Mike Green of the US Studies Centre, one of the leading US analysts on Asia, thinks Beijing is committed to some moderation this year in its relationship with the US, mainly because it is worried about restrictions on exports and access to certain technology. However, Green judges that Beijing’s military aggression will proceed independently of this diplomatic moderation, and therefore there’s every chance of a nasty surprise.
Australian academic John Lee agrees, adding that while Beijing, suffering a slowing economy, is worried about access to US and European markets, this will have no beneficial effect on the way that it treats regional nations such as Australia.

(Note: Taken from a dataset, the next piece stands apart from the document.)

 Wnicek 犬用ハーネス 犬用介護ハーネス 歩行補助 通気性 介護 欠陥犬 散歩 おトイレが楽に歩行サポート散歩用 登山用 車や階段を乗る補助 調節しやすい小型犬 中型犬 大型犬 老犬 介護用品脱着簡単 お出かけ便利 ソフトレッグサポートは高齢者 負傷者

Beijing doesn’t like AUKUS, though nothing of consequence is happening with AUKUS for many years, and it doesn’t like the increased US military presence in Australia. But there’s almost nothing else the Albanese government is doing that gives Beijing the slightest pause. The Albanese government has been weak on Israel, monstrously negligent in its inability to send a navy ship to the Red Sea, weak in its support of Ukraine, and is producing nothing in Australian military capability.
This has every Australian strategic hardhead deeply worried.
Former deputy prime minister John Anderson tells Inquirer: “The recent extraordinary sentence of death imposed on an Australian by the Chinese Communist Party should be a powerful reminder of the privilege of living in a society in which the state doesn’t determine what’s right and wrong because it has the unchecked power to do so.
“The world is becoming less stable, less predictable and more dangerous. Yet almost every day we learn of bungled acquisitions, lost or cancelled capabilities, lack of essential personnel (even to man the frighteningly modest Royal Australian Navy) and a mind-boggling lack of urgency around supply-chain security.
“Nor is it acceptable to presume that the Americans will do it all for us. Using AUKUS, which remains a great hope, but nothing more as yet, as a smokescreen for running down our already weak capabilities is the antithesis of the leadership we need.”
Anderson was a National Party leader. But these are not party political sentiments. No one can be happy about the weakness at the heart of Australian strategic policy today. Well, almost nobody.